**What the task requires:**
Output only the lines below from the one holding "(在習(xí)近平新時(sh" down to the one holding "New Original 130W", both end lines included and every picture dropped.

**Source data:**
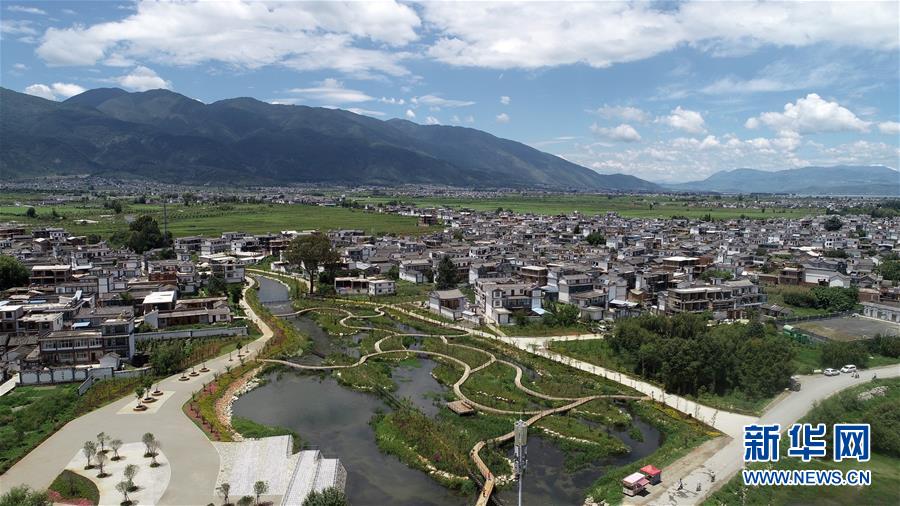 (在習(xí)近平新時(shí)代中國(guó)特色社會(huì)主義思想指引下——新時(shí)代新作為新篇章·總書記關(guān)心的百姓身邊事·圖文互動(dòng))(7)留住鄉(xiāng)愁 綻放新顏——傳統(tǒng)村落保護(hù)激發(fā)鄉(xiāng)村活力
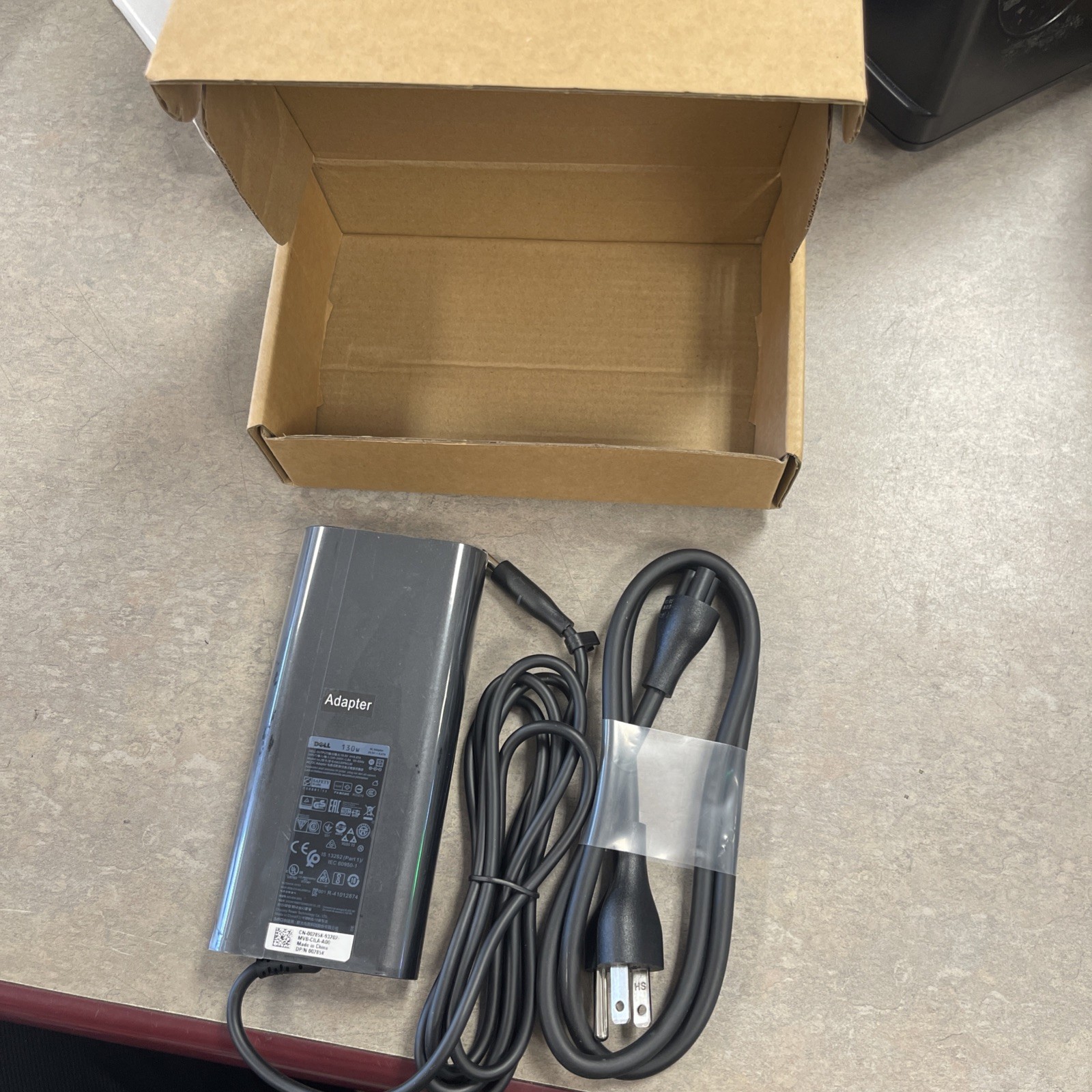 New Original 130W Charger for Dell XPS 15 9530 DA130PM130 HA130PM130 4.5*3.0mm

* * *

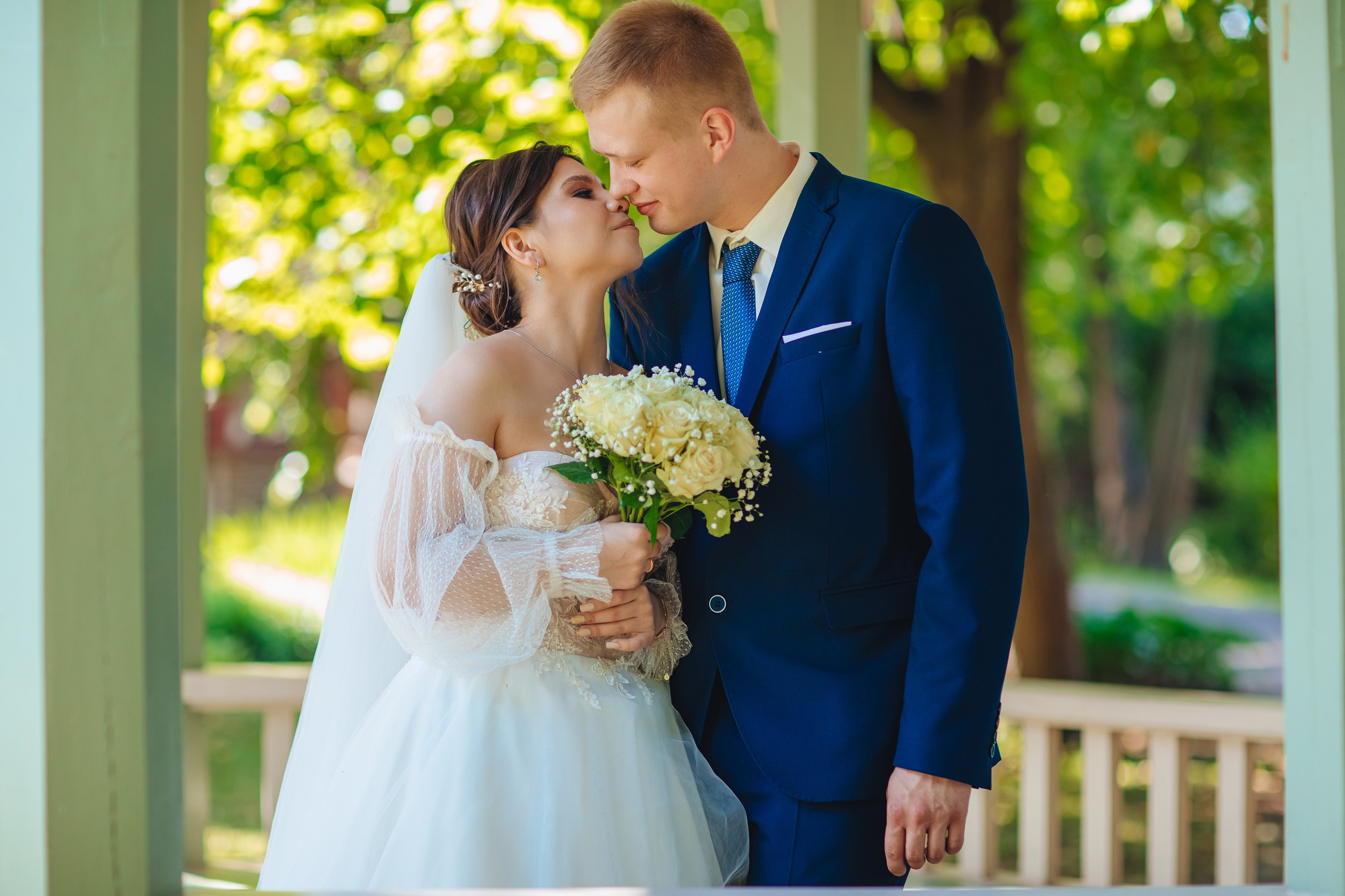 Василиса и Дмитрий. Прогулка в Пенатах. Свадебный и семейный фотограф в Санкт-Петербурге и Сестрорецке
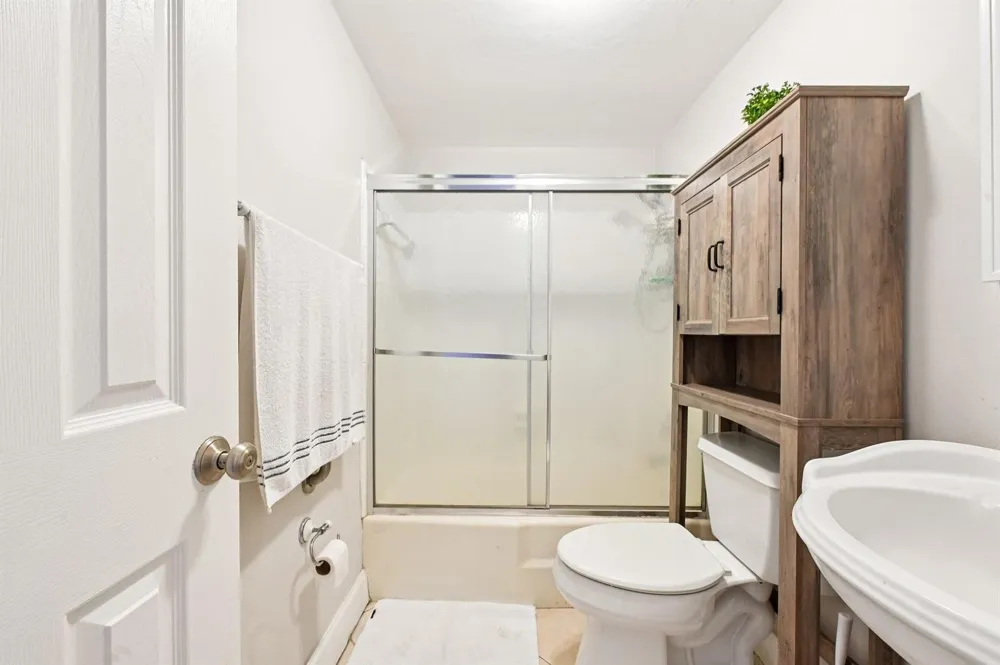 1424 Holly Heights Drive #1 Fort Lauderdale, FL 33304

==

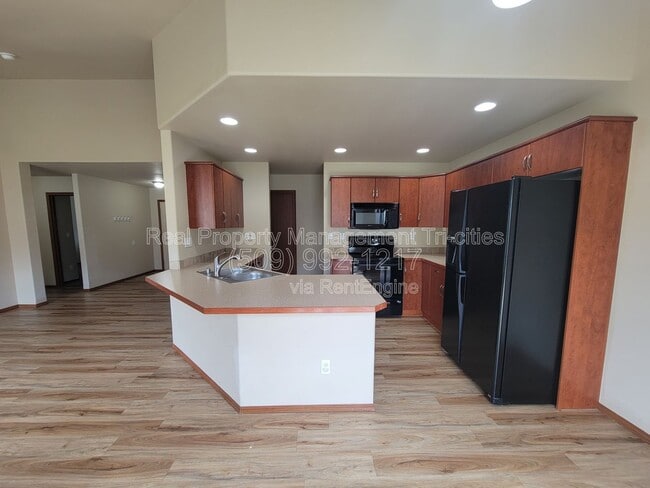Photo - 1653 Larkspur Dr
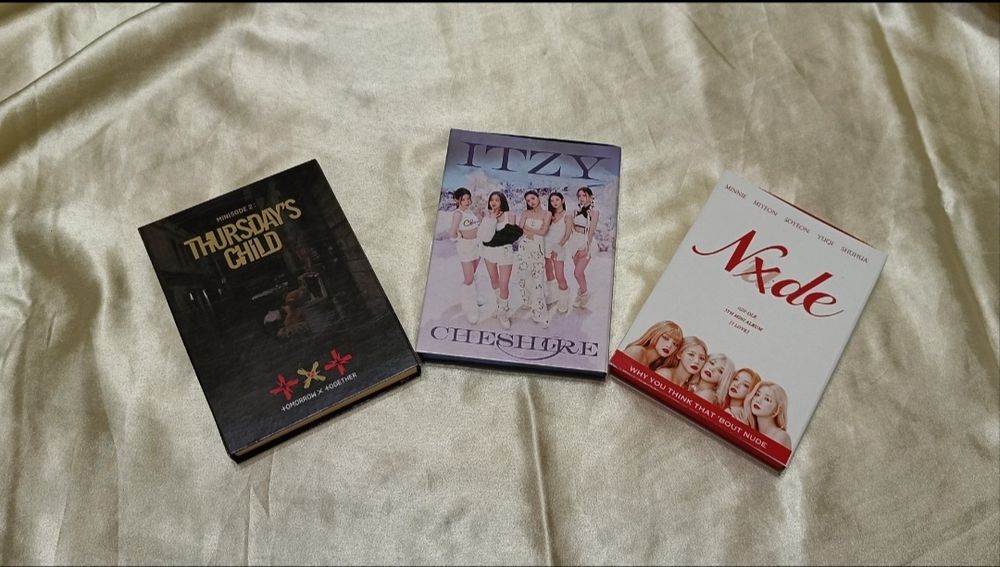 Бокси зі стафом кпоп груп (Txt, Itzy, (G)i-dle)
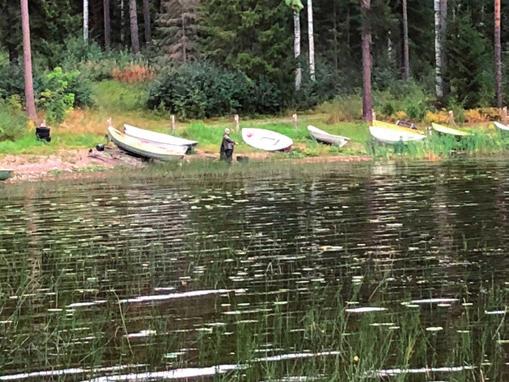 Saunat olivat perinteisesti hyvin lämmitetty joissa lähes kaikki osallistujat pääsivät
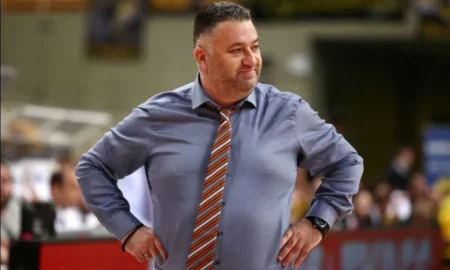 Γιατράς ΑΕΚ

**Worked solution:**
 (在習(xí)近平新時(shí)代中國(guó)特色社會(huì)主義思想指引下——新時(shí)代新作為新篇章·總書記關(guān)心的百姓身邊事·圖文互動(dòng))(7)留住鄉(xiāng)愁 綻放新顏——傳統(tǒng)村落保護(hù)激發(fā)鄉(xiāng)村活力
 New Original 130W Charger for Dell XPS 15 9530 DA130PM130 HA130PM130 4.5*3.0mm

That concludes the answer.